- WORK TO COMPLETE
Exact transcription, pictures omitted: begin at the top line of the records below and end with the line bearing "10 Shadowdale Drive, Hamilton, ON".

- RECORDS FOR THIS TASK
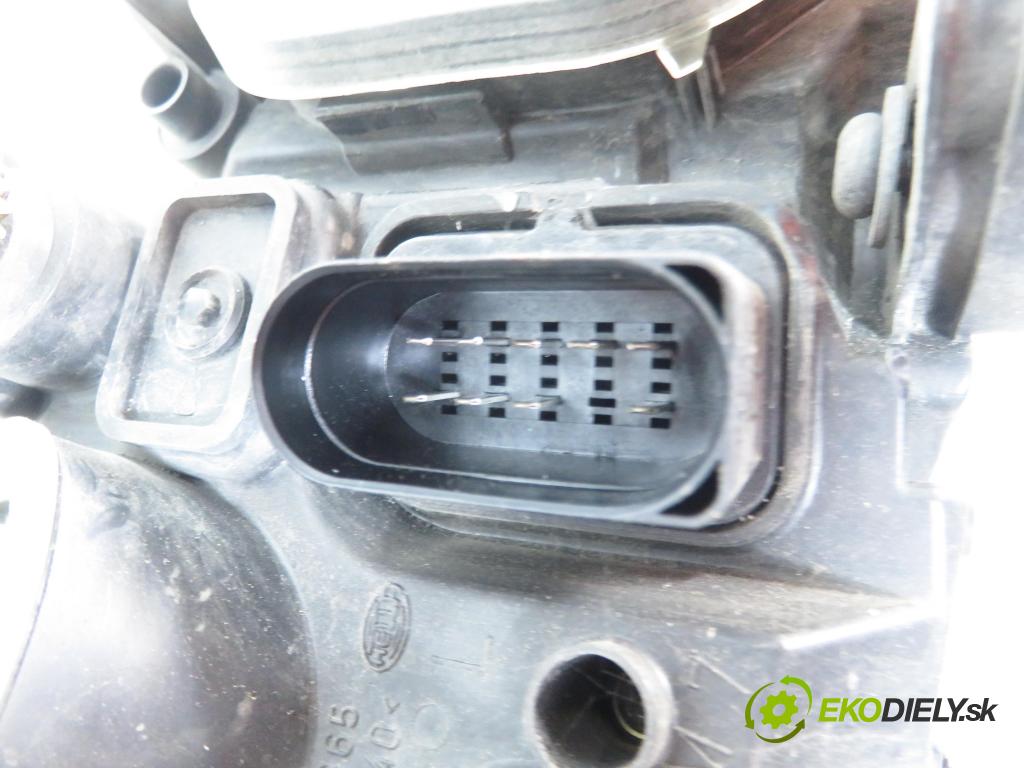 SKODA FABIA I Combi (6Y5) KOMBI 2004 47,00 1.2 - AZQ 1198,00 Svetlo LP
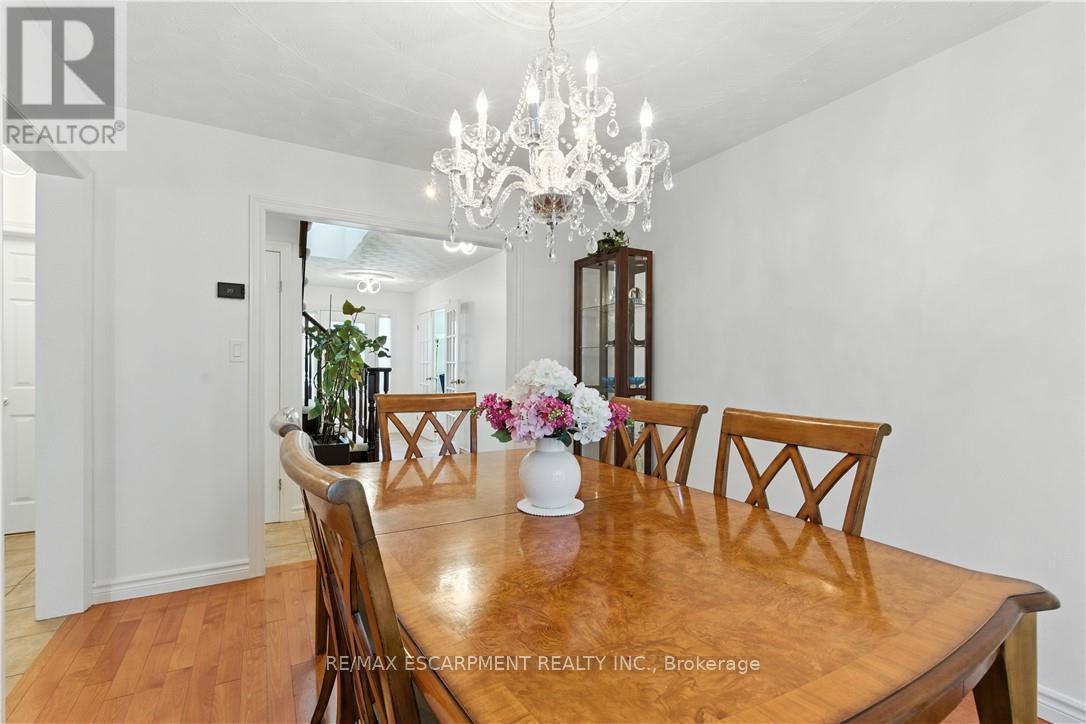 10 Shadowdale Drive, Hamilton, ON - Indoor Photo Showing Dining Room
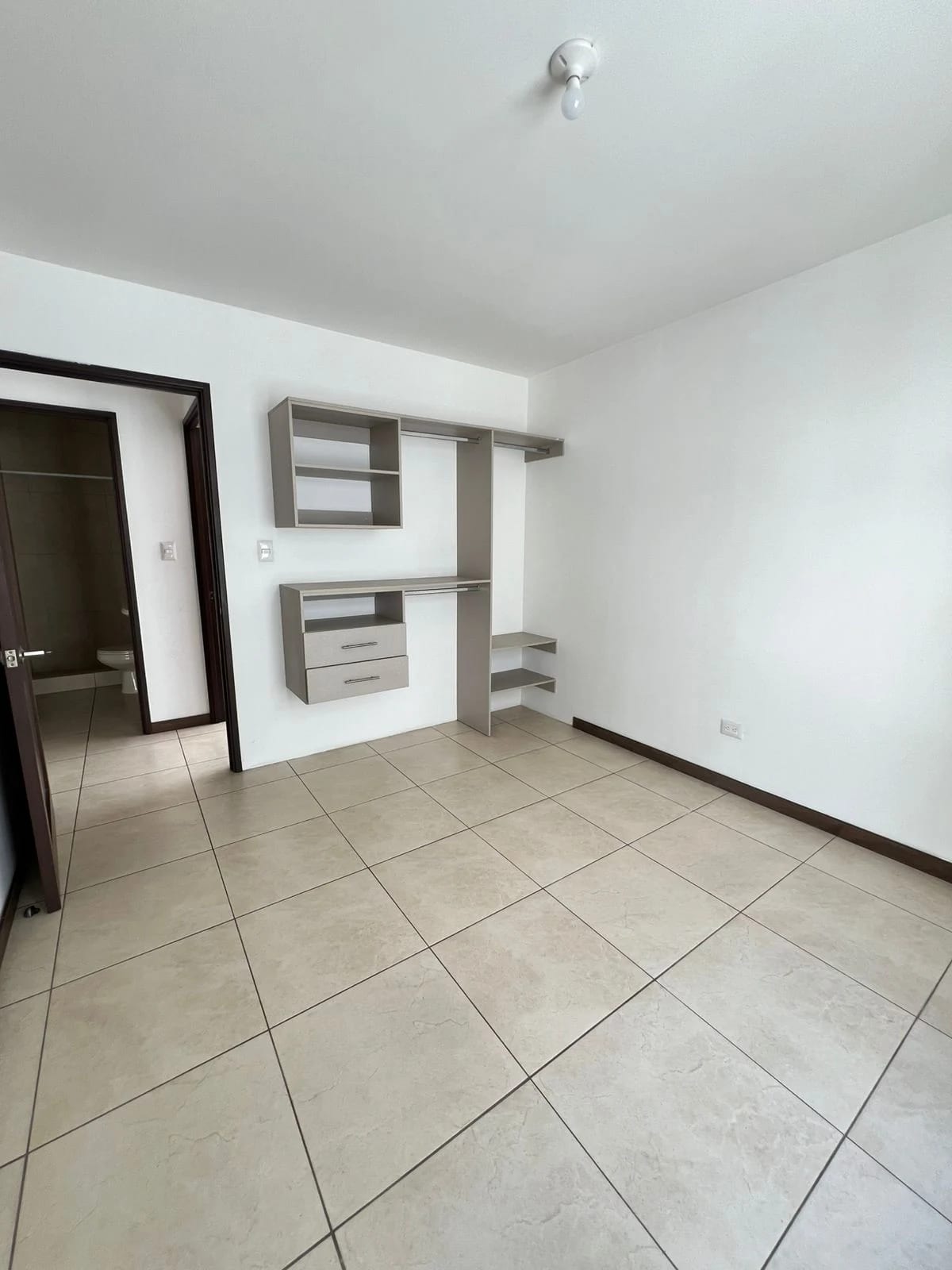 El Pórtico Z7 / Apartamento en Renta de 3 Habitaciones y 2 Parqueos — Apartamento en Alquiler en Zona 7, Guatemala, Ciudad — foto 7 de 13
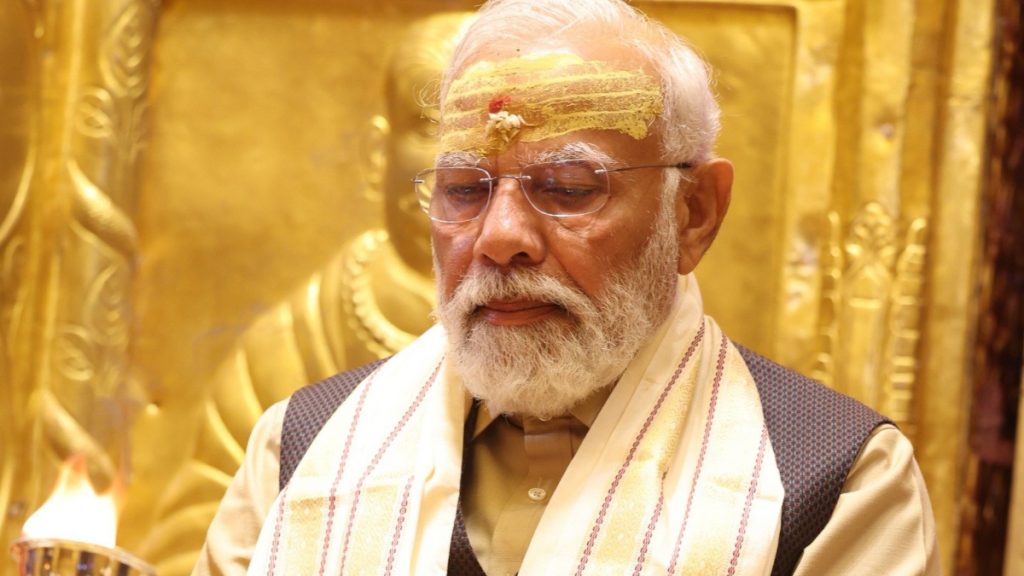 Photos: पीएम मोदी का मेगा शो, काशी विश्वनाथ मंदिर में की पूजा-अर्चना 4 Photos Pm Modi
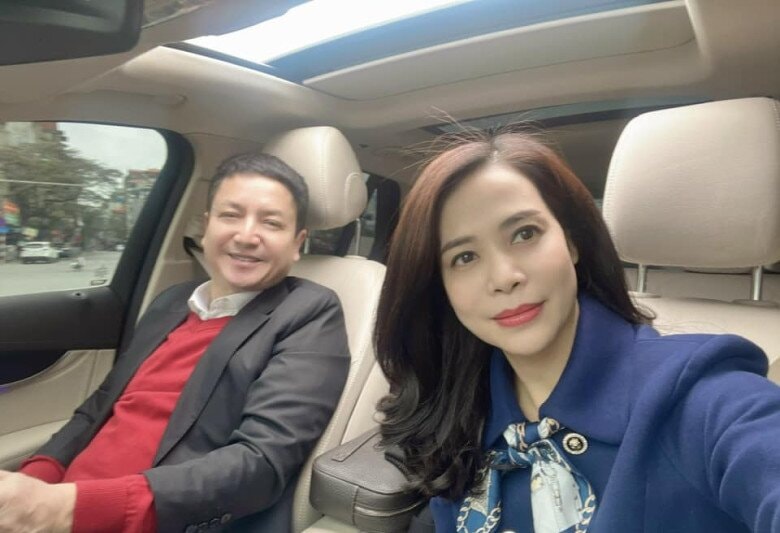 NSƯT Chí Trung phản hồi việc kết hôn với bạn gái Ý Lan kém 18 tuổi để xét tặng NSND NSƯT Chí Trung phản hồi việc kết hôn với bạn gái Ý Lan kém 18 tuổi để xét tặng NSND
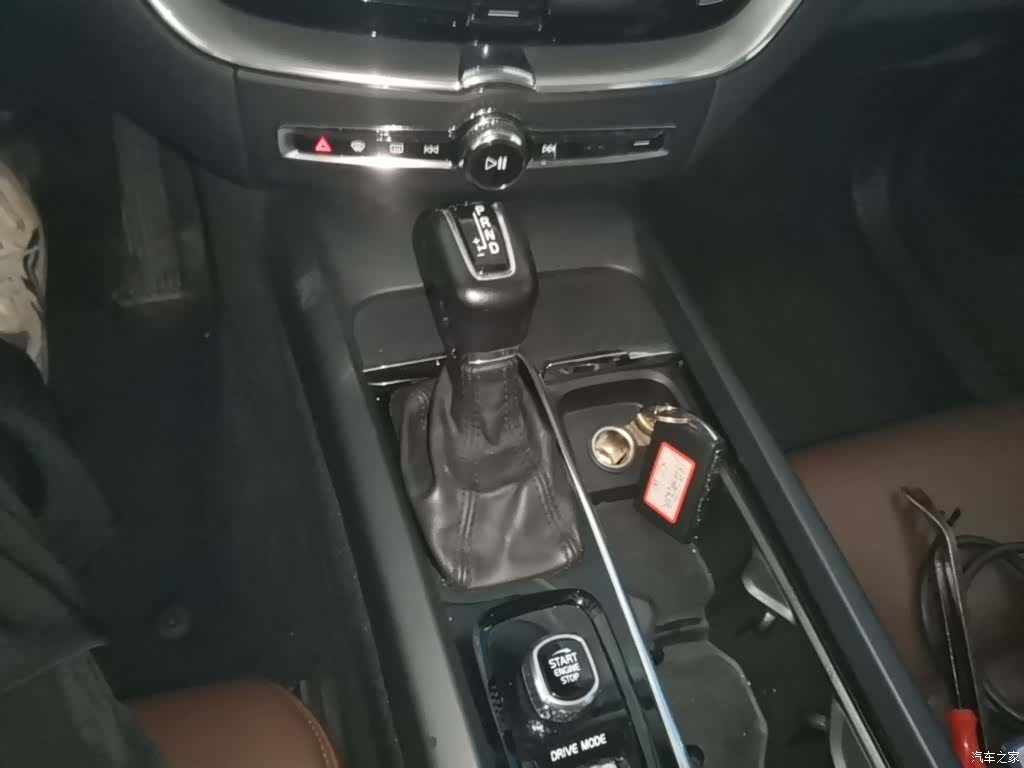 Volvo XC60, 2018 14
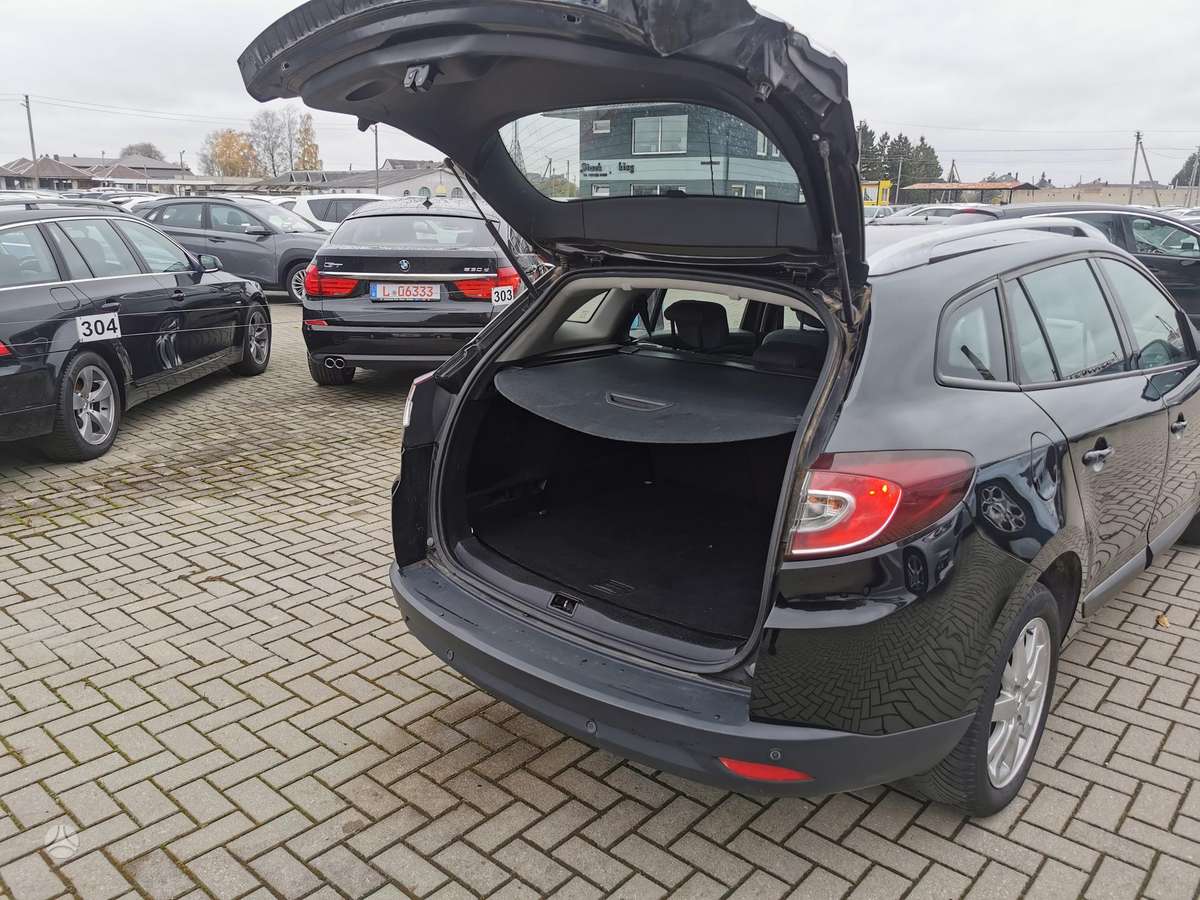 Renault Megane 2012 — photo 16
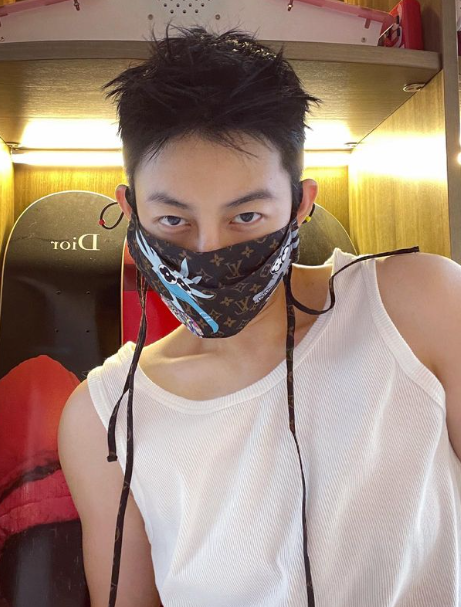 「女版陳冠希」皇甫聖華身高1.7米,背景包括上海出生及是SAMAY主理人(皇甫聖華 IG)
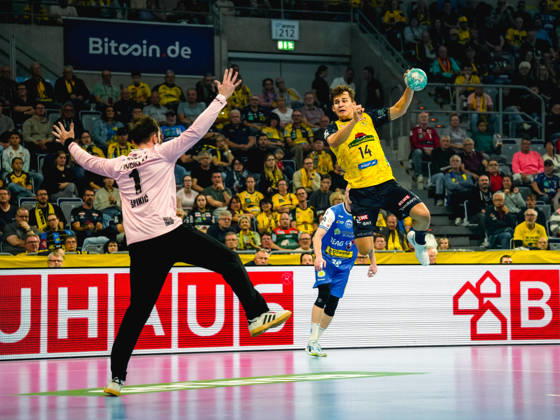 October 8, 2026, xwppx, Opel HBL Handball, Rhein-Neckar Löwen vs. ThSV Eisenach; from left: Matija Spikic (ThSV Eisenach), Gino Steenaerts (Rhein-Neckar Löwen)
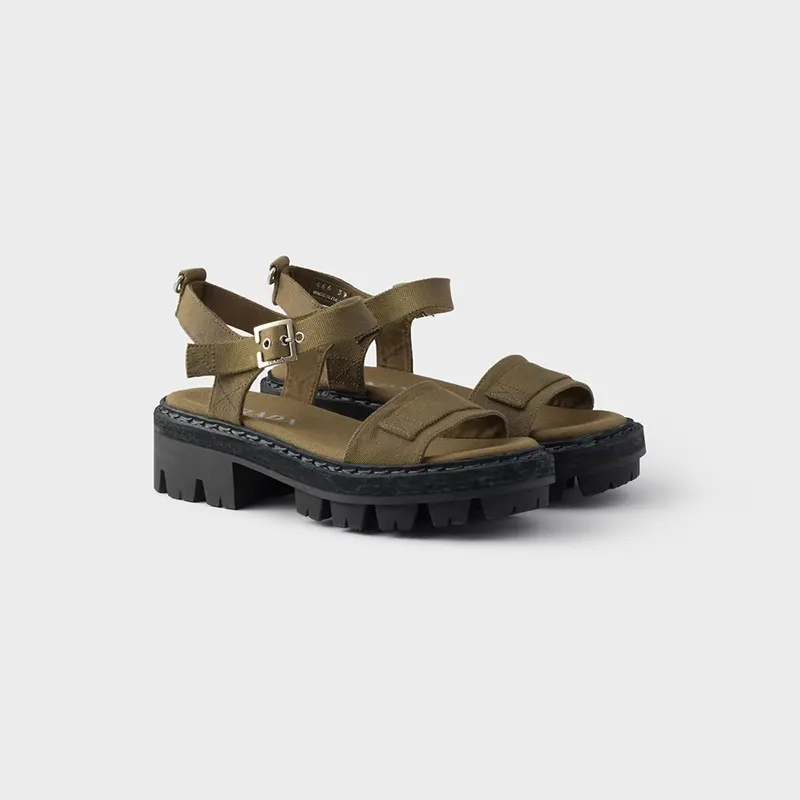 人気商品★プラダ キャンバスサンダル ロゴ刻印 2色 pld458778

- TASK RESPONSE
 SKODA FABIA I Combi (6Y5) KOMBI 2004 47,00 1.2 - AZQ 1198,00 Svetlo LP
 10 Shadowdale Drive, Hamilton, ON - Indoor Photo Showing Dining Room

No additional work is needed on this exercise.